Data to use:
============================================================
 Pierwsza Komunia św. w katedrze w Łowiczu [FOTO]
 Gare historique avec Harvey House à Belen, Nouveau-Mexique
============================================================
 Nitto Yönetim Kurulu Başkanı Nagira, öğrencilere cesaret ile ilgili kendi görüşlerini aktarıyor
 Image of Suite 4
============================================================
Task to carry out: Could you set down, word for word, only the lines above from the line with "Pierwsza Komunia św." to the line with "Gare historique avec", including both?

Solution:
 Pierwsza Komunia św. w katedrze w Łowiczu [FOTO]
 Gare historique avec Harvey House à Belen, Nouveau-Mexique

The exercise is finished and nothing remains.